Because of the view we take of the case we do not consider answers to these questions necessary. Therefore, we will assume, without holding, that both questions should be answered in the affirmative.

It should be observed that plaintiff sought cancellation of the policy issued to Calkins because of his fraud, concealment and misrepresentations by stating in his application that his “occupation” was “rancher” and that his automobile was used for “business and pleasure”, without disclosing that he was employed as a volunteer fireman by the district and used his automobile in that employment.

There is strong presumption of innocence of fraud and the burden of proving these allegations rested heavily on the plaintiff. As was said in Everett v. Standard Acc. Ins. Co., 45 Cal. App. 332 [187 Pac. 996]: “The presumption is always against fraud. This presumption approximates in strength that of innocence of crime. (Truett v. Onderdonk, 120 Cal. 581, 588, [53 Pac. 26].) One who seeks relief from fraud must allege it and prove it by clear and satisfactory evidence. A mere suspicion of fraud is not sufficient.”

We should also observe that we are considering an application for insurance and an insurance policy which were prepared by plaintiff and which must be strictly construed against it. As was said in Witherow v. United American Ins. Co., 101 Cal. App. 334 [281 Pac. 668]:

“We are considering an instrument which we are justified in assuming was prepared by the insurance carrier and under which it is attempting to escape liability under its *394insurance policy and work a forfeiture of the same. ‘It is well established that conditions which provide for a forfeiture of the assured or other persons claiming under the policy are to be strictly construed against the insurance company, and if there is any ambiguity in a policy which may reasonably be solved by either one of two constructions, the interpretation shall be adopted which is most favorable to the assured, or in this particular case to the beneficiary in the deed of trust. ’ (Welch v. British American Assur. Co., 148 Cal. 223 [113 Am. St. Rep. 223, 7 Ann. Cas. 396, 82 Pac. 964, 965].) In the case before us the court is not required to give any more liberal interpretation to the language of the mortgage clause than its strict construction requires. ’ ’

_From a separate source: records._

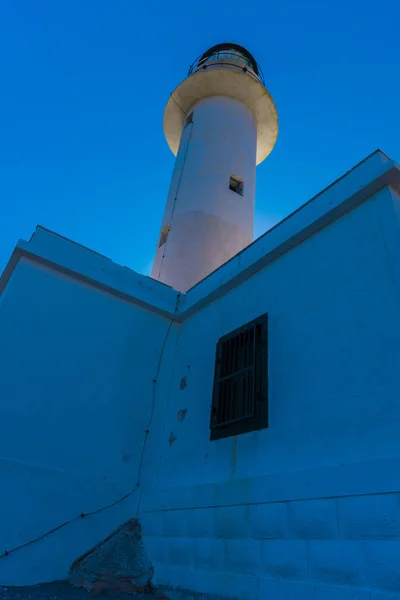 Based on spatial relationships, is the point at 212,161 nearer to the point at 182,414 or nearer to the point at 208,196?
the point at 208,196

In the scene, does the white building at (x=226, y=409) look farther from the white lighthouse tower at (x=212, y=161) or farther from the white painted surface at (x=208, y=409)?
the white lighthouse tower at (x=212, y=161)

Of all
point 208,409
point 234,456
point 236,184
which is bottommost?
point 234,456

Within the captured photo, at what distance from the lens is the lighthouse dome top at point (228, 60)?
36.3ft

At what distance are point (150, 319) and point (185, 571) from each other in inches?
124

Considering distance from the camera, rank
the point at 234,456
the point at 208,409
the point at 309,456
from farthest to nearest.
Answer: the point at 208,409
the point at 234,456
the point at 309,456

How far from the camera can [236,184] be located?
31.3ft

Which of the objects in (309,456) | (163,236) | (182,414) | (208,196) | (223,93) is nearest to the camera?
(309,456)

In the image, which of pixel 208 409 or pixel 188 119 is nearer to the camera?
pixel 208 409

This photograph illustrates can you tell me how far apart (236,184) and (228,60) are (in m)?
4.31

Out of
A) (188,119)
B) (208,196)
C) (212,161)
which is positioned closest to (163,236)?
(208,196)

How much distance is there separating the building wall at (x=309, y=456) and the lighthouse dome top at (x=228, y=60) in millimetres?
8251

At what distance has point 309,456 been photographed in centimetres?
342

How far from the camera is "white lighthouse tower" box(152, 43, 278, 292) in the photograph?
325 inches

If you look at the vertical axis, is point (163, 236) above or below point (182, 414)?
above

The only representations made by Calkins concerning his occupation and the purpose for which his car was used were contained in his application for insurance. He there- stated that his occupation was “Rancher” and that he used his car for “business and pleasure” not “for business and pleasure purposes as such rancher” as is alleged in the complaint and as is found by the trial court. The italicized words find no support in the record.

The sole question necessary for our decision is this: Were the statements made by Calkins, that his occupation was that of rancher, and that his ear was used for business and pleasure, untrue; and in making them did he conceal material facts that misled and tended to defraud plaintiff?

The answer to this question depends on the generally accepted definitions of the word “occupation”.

“ ‘Occupation’, ... as understood commonly, will signify a vocation, calling, trade,—the business which one principally engages in to procure a living or to obtain wealth.” (State v. Austin Club, 89 Tex. 20 [33 S. W. 113, 30 L. R. A. 500].) It has been repeatedly held that a person’s principal business and chief means of obtaining a livelihood is his occupation; that the term as generally understood, does not include an isolated or semi-occasional and temporary adventure in another line of endeavor. (See Union Mutual Acc. Assn. v. Frohard, 134 Ill. 228 [25 N. E. 642, 23 Am. St. Rep. 664, 10 L. R. A. 383]; Love v. State, 31 Tex. Cr. App. 469 [20 S. W. 978]; Kenny v. Bankers’ Acc. Ins. Co., 136 Iowa, 140 [113 N. W. 566]; Village of Dodge v. Guidinger, 87 Neb. *395349 [127 N W. 122, 138 Am. St. Rep. 494]; Everson v. Gen. Fire & Life Assur. Corp., 202 Mass. 169 [88 N. E. 658]; Supreme Lodge v. Baker, 163 Ala. 518 [50 So. 958]; Evans v. Woodman Acc. Assn., 102 Kan. 556 [171 Pac. 643, L. R. A. 1918D, 122]; Industrial Commission of Ohio v. Roth, 98 Ohio St. 34 [120 N. E. 172, 6 A. L. R. 1463]; People v. DeRose, 230 Mich. 180 [203 N. W. 95]; Union Health & Acc. Co. v. Anderson, 66 Colo. 195 [180 Pac. 81]; Central Business Men’s Assn. v. Faith, 8 Fed. (2d) 325; Benefit Assn. v. Secrest, 239 Ky. 400 [39 S. W. (2d) 682].)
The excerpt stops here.